Paddy Thomas's story

When Paddy was six years old, in the late 1960s, his mother told him that the man he thought was his father was not in fact his dad. About five years later, his real father kidnapped him and took him interstate as a way to spite his mother. After being badly mistreated by his father, Paddy escaped back to Victoria.

At the age of 12, Paddy was frequently running away and missing school. He ‘got thrown out on the street’ by his mother and was then made a state ward and sent to a Catholic boys’ orphanage.

He continued to run away, living on the streets and stealing to survive. On one occasion he and another boy escaped from the orphanage and were picked up by police. One of the Christian Brothers, Noel Ford, came to get the boys.

‘We were taken back, stripped, belted, the lot’, Paddy said. ‘About a hundred lashes I reckon, across the bum. There was no need to take them off, the pants were skinny you know what I mean, like cotton, but we both copped that. I don’t know if he copped the next lot but I was made to dig a big hole during the day. This is still the same day. And I did but then I was told to fill it in again. If I had’ve known that, I wouldn’t have done it, but anyway then I had to wash all the dishes. I still hadn’t seen this other bloke that I run away with. I’ve always been worried about what happened to him. Actually it happened that night what he done to me, but he done something earlier as well so I don’t know what part you want to hear.’
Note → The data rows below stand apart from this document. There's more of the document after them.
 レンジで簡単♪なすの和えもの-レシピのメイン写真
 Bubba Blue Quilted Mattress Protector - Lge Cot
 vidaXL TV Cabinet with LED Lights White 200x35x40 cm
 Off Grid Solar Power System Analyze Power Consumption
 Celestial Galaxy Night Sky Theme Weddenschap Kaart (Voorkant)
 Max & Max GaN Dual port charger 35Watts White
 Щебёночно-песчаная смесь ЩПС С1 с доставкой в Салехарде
On a previous occasion, Brother Noel had found Paddy in the toilets tattooing another boy with a sewing needle and ink-soaked thread. That night the Brother had come to the boys’ dormitory and raped Paddy. The same thing happened after Paddy’s escape attempt.
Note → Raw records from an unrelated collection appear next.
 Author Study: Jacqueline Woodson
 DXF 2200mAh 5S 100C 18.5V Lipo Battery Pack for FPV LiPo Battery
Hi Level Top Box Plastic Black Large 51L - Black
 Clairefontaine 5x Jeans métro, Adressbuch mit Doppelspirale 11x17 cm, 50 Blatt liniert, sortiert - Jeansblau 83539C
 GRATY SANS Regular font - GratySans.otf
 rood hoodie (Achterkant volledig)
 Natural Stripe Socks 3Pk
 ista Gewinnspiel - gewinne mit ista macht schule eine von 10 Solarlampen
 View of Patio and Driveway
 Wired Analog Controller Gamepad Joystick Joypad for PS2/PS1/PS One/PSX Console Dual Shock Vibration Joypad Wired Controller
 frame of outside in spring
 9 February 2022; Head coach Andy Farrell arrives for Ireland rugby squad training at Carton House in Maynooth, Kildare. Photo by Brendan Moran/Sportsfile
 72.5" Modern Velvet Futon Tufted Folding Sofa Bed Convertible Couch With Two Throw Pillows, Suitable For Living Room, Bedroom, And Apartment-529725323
The day after the second rape, Paddy was sent to a boys’ detention centre. He wondered that no one there thought to ask him about his physical condition if nothing else.

In addition to Brother Noel’s abuse of him, Paddy later knew of about six other incidents of sexual abuse in the orphanage, but at the time, he thought he ‘was the only one’.

Paddy said he’d tried to complain about the physical punishment to the Christian Brother ‘running the show’ but was ignored.

Throughout his life, Paddy steered clear of people and lived alone on the streets. In the late 2000s, he met a counsellor through a service for people experiencing homelessness and started talking about his time in the orphanage. From there he met others and started ‘hearing a different story’ that made him realise others had similar childhood experiences.

One service helped him access secure housing and he now lives independently, supported by visiting workers.

He didn’t know if Brother Noel was still alive, and hadn’t thought of reporting him to the police because he is ‘that soft-hearted’ that he worried about the Brother’s health, and having been in jail himself, didn’t want to ‘put people inside’.

There wasn’t anyone for Paddy to talk to about the abuse when he was a teenager and he didn’t know what would have helped, but he thought staff shouldn’t work alone.

‘It should always be two people instead of one on one in these situations. Instead of one person looking after 30 kids, maybe there should be two.’

‘You always go for a medical when you go into a new home, well I should have been seen black and blue, and I just wouldn’t talk or nothing and that should be noted, I don’t know. Don’t care really. I basically kept to myself and always have. Like the last 20 years had to survive on the streets with a busted up body. If I didn’t go through what I did when I was young, I wouldn’t have survived. I haven’t stopped running until now.’